発災から数日ほど経った頃のある日 (1月22日?) の朝、奥さんの体の具合が悪くなったのでどこか診てくれるところはないかと旦那さんが車に乗せて阪基までやってきました。
司令部には呉衛生隊をメインとする医療班がおり、これは主として海自派遣隊員の健康管理などが対象でしたし、震災による直接の怪我人や病人ではありませんが、急患で来られたからにはと早速医官が診察しました。
その医官の言では、心筋梗塞の疑いがありかつ妊婦さんで、至急施設が整った大きな病院に入院させる必要があるとのこと。
そこで、急遽阪基のすぐ沖に錨泊中の護衛艦 「せとぎり」 から予め待機を指示していた搭載HSを呼び、医療班のメンバーと一緒に阪基のヘリポートから病院最寄りのヘリポートまで運び、そこから手配の救急車で病院へ。

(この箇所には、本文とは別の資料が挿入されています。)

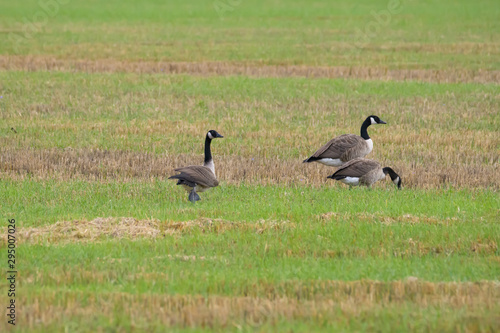 Canada geese feeding in a field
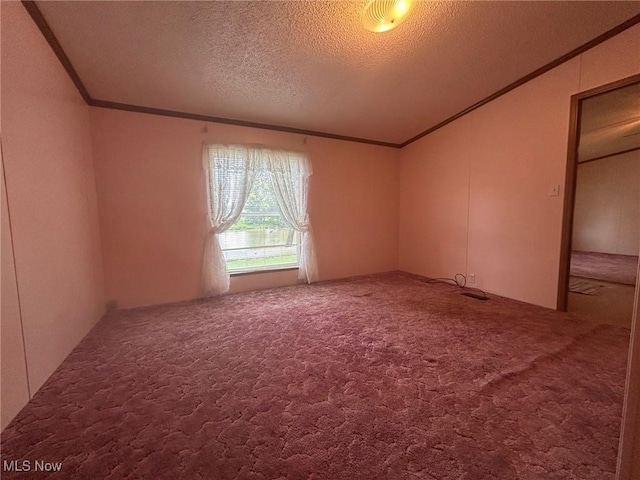 355 Muskingum River Rd, Marietta, OH 45750 - spare room with crown molding, lofted ceiling, carpet floors, and a textured ceiling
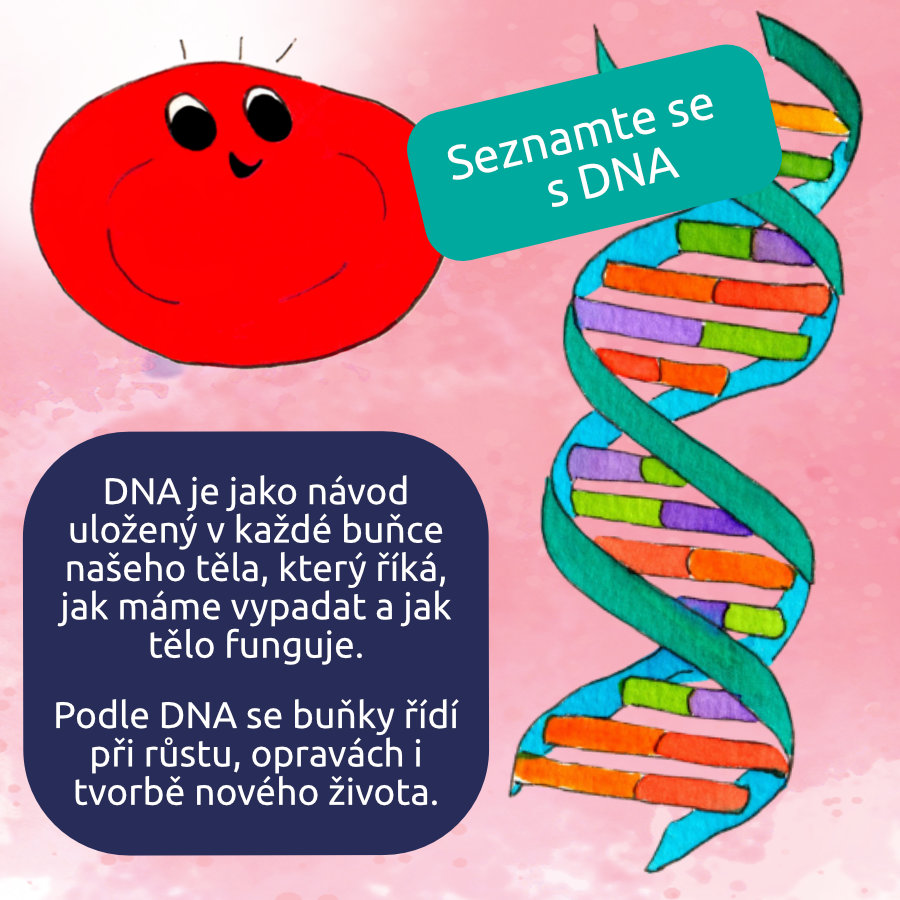 Seznamte se s DNA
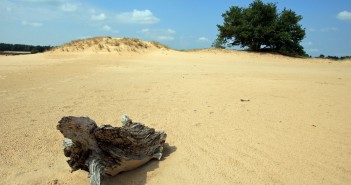 De Friese Sahara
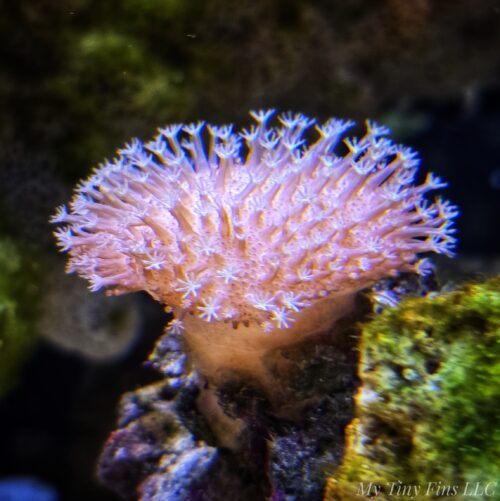 Pink Leather Toadstool (attached to live rock) WYSIWYG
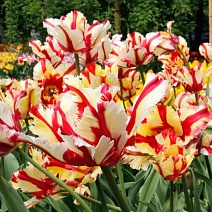 Тюльпан махровый попугайный Дабл Флэминг Пэррот, 11/12, 1 шт.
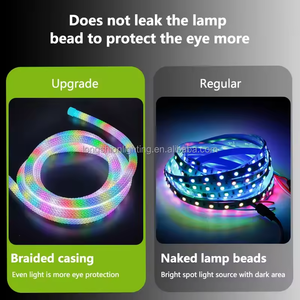 Vendita calda RGBIC flessibile in silicone <span class=keywords><strong>sogno</strong></span> colore striscia di luce di 360 gradi circolare maglia Neon LED WS2812B per soggiorno DC5V - Product Image 2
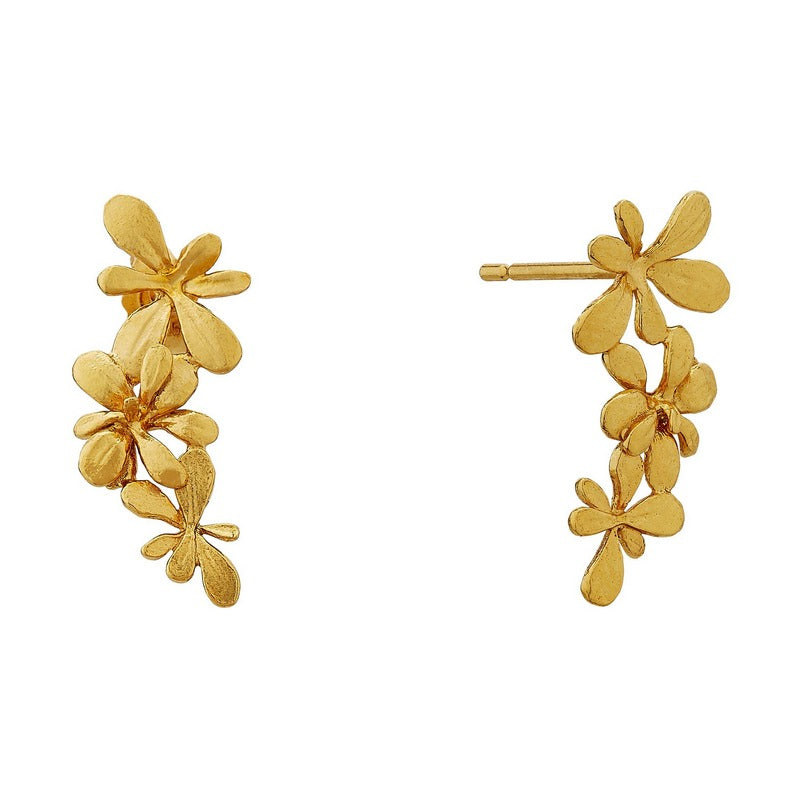 Alex Monroe Jewellery Sprouting Rosette Drop Earrings Gold Plate HBE2-GP front & side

その後は病院などからは連絡もありませんでしたが、母子共に元気であったであろうことを今でも祈るばかりです。
(もしこの時のお腹のお子さんが無事に産まれていたとすると、今ではもう27歳に。 結婚して子供がいてもおかしくはないですね。)
ところでこの海自災害派遣部隊司令部の医療班ですが、発災の時に呉衛生隊長 (当時は未だ呉病院は有りませんでした) が、先に緊急出港させた38護衛隊 (とかち) と輸送艇の 「ゆら」 に続いて、22護衛隊2隻もその日からの4年毎 (当時、現在は5年毎) の定期検査・特別修理を取り止め後日に延期して神戸に応援に出す予定であることを聞きつけ、私のところへやって来て 「医療班と取り敢えずの医療品・機材を準備しましたので是非乗せていって下さい」 と。
この時私は神戸の状況の情報収集や派遣する艦艇などのことでバタバタしていましたので、ここまではとても頭が回りませんで、その申し出に 「それは助かる、ありがとう。 もちろん是非とも。 すぐに22護隊に指示するので」 と答えるのが精一杯。

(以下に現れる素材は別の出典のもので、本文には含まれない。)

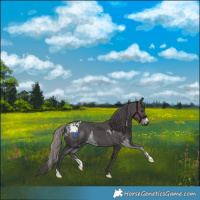 Horse Color:Smoky Black Merle Appaloosa and Smoky Black Merle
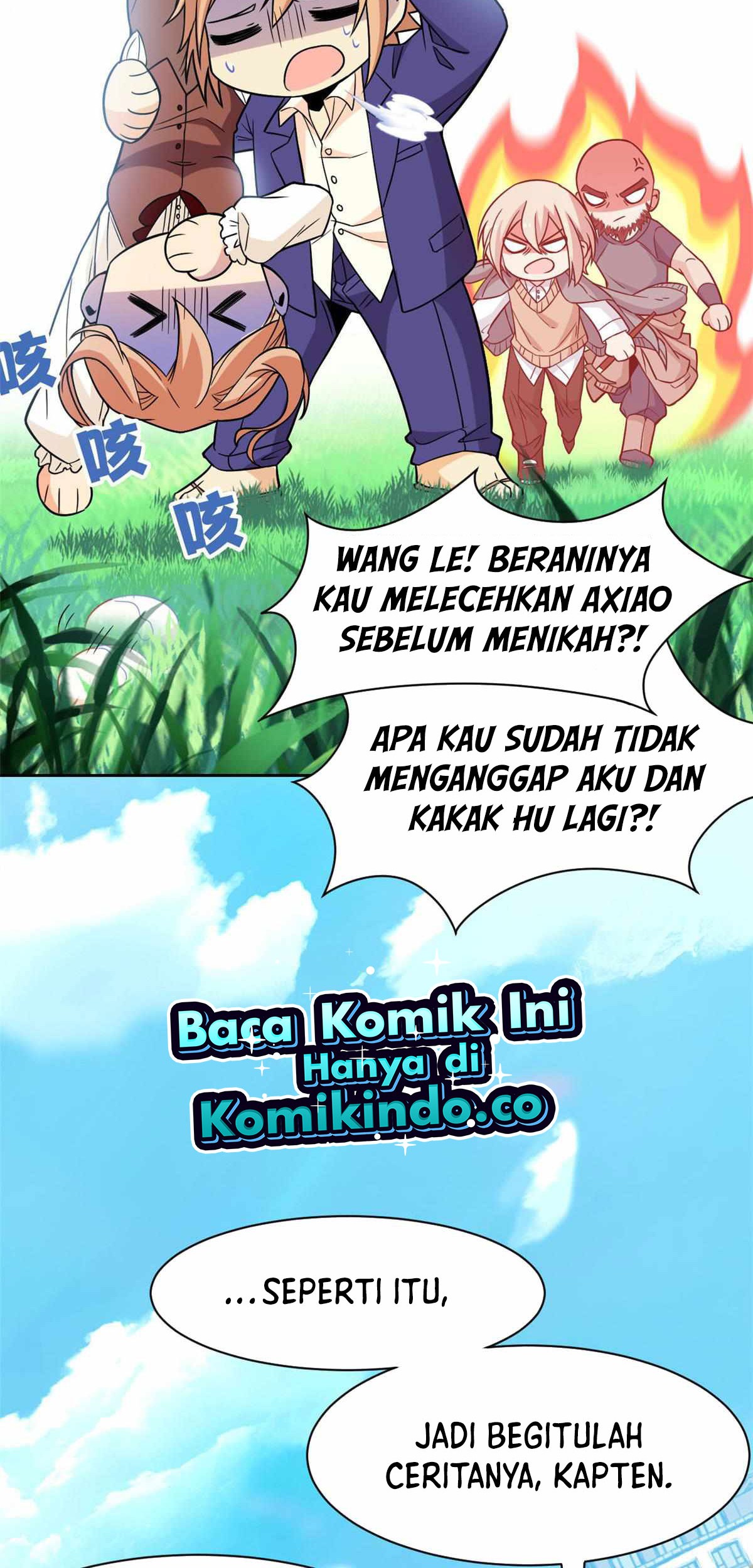 Halaman 17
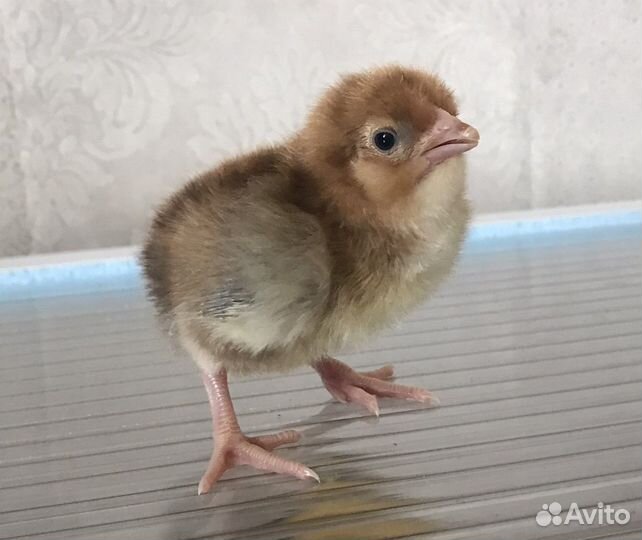 Инкубационное яйцо, Цыплята Кучинской юбилейной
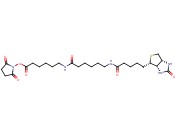 (+)-Biotin-X-X-NHS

結果的に、阪基で司令部や海自派遣隊員の健康管理、そして必要に応じた被災者の怪我の手当てなどに大活躍してくれました。
( かく言う私も、震災による液状化現象が乾いた後に舞い上がる細かな砂埃が半壊した庁舎のあらゆる隙間から入り込んでこれで喉を痛めて風邪を引いてしまい、2度注射や点滴などでお世話になりました。)
この医療班の編成と派出の気を利かせてくれた呉衛生隊長は、防衛医大1期生の医官として大変優秀な人物で、その後1選抜で1佐に昇任した (させた) ものの、こともあろうか当時の防衛医大の学校長自身により、さる県の大きな病院の部長職に引き抜かれて退職してしまいました。
私もその優秀さと優れた人格に前から目を付けて今後を期待していたのですが、本人にしてみれば自衛隊の医官としてよりは医学博士としての自分の将来を考えてのことでしょうし、残念ながら防衛医大の “普通のお医者さん” である教授陣 (自衛隊医官では無いし、医官ではなれない) にしてみれば、学生の頃から目をかけていた教え子を、高給を貰いながら学費などタダの4年間の研究科を終えて医学博士号取得後に (当然学費返還の対象となる義務年限の9年は既に過ぎております) 自分の顔の効くところへ引き抜くのは当たり前の様に行われていましたので (現在でも?)、これは私達自衛官にしてみれば何ともし難いことでした。
それにしても防衛医大というところは ・・・・ ではありますが。
(続く)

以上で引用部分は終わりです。